You could start by taking your pulse. In general, the lower it is, the fitter you are. At rest, it is normally between 60 and 100 beats per minute. You could measure your 'recovery index' by doing a few minutes' strenuous exercise and then checking your recovery 90 seconds later. To get a recovery index, take your pulse immediately on completion of the exercise (it should be between 140 and 160 beats per minute) then take it again 90 seconds later. Express the difference between the two readings as a percentage of the first. If this is greater than 25 percent, then you are in reasonable shape for doing strenuous exercise. If it is less, then you are probably better off taking up gentle exercise until you are fitter.
I then turned my attention to possible injuries and ailments. It soon became clear that jarring of the body as your feet hit the ground was a common source of injury. The solution, of course, is to wear a decent pair of running shoes which progressively absorb the shock of the foot hitting the ground. Because I weigh 12 stone I bought a pair designed for heavy people. You can buy shoes with different soles, depending on the sort of surface you are to run on. It's common sense really that a smooth sole or one with ridges very close together wouldn't be much good for running through mud, you'd slip, whereas they'd probably be fine for road work.
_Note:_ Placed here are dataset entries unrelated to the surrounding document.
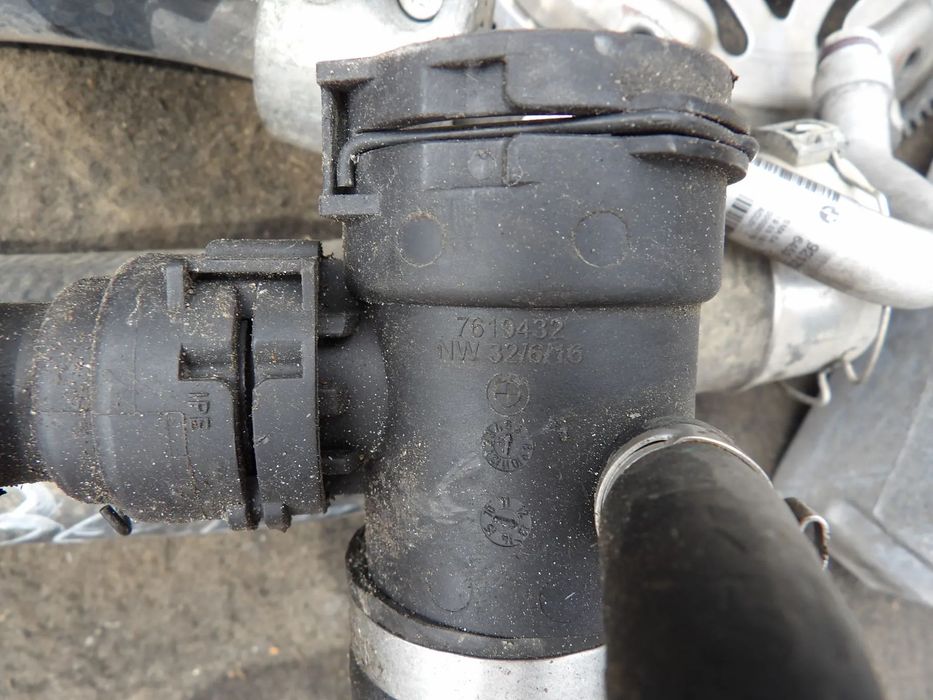 BMW - F20,F30 - PRZEW OD POWIETRZA - 7619432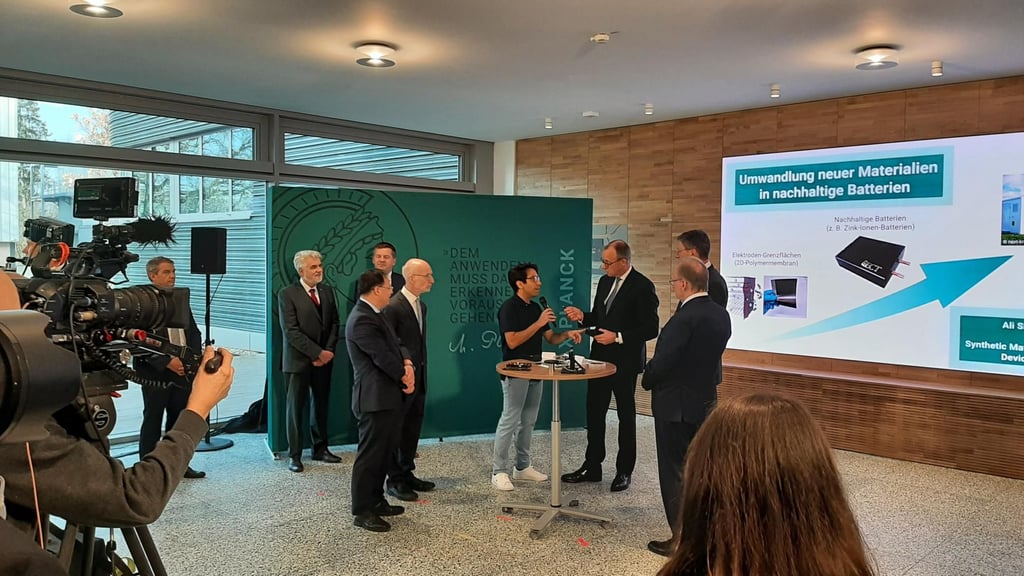 Nachwuchsforscher erläutern Kanzler Friedrich Merz ihre Forschungszweige.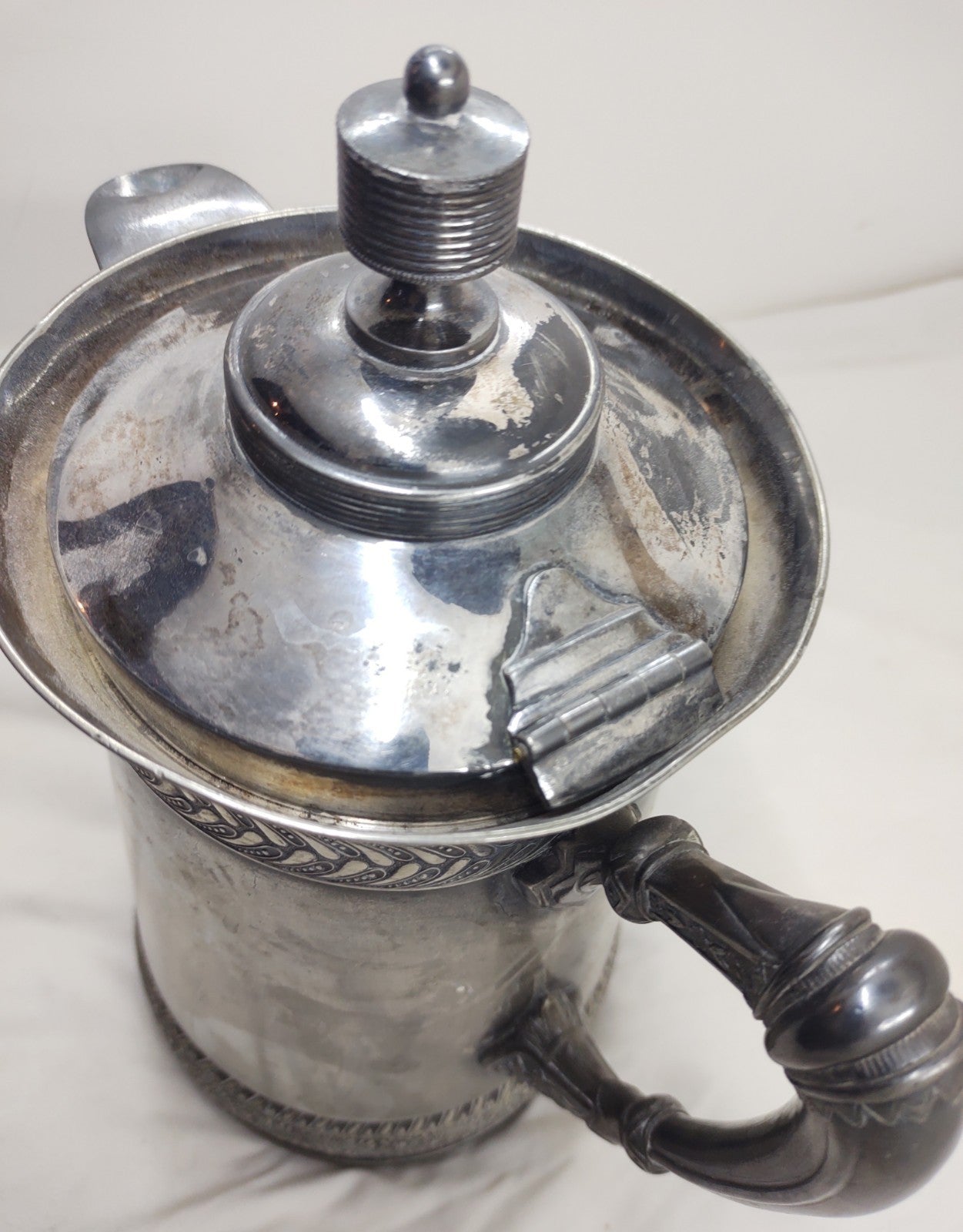 Meriden Britannia Victorian Silverplate Ice Water Pitcher #193 Repoussé Ornate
The rest of your clothing can comprise old shorts, tee-shirts and jumpers, at least until you know whether you're going to enjoy running. I started with a pair of £20 shoes, some cushioned socks, an old tee-shirt and some sawn-off jeans. After a week I bought some light running shorts because the jeans were chafing.
Don't expect to run continuously for an hour when you start and do stop if your heart starts beating too fast: it means that you are running too quickly. If you can hold a conversation while running then your speed is okay. This means that you won't be going at much more than a brisk walking pace to start off, but you'll soon find the miles slipping by more quickly. Some books recommend that your heart rate should not exceed 200 minus your age. In my case, for example, that's 160 beats per minute. If you want to read some serious stuff about running buy one of the monthly magazines or Runners Guide.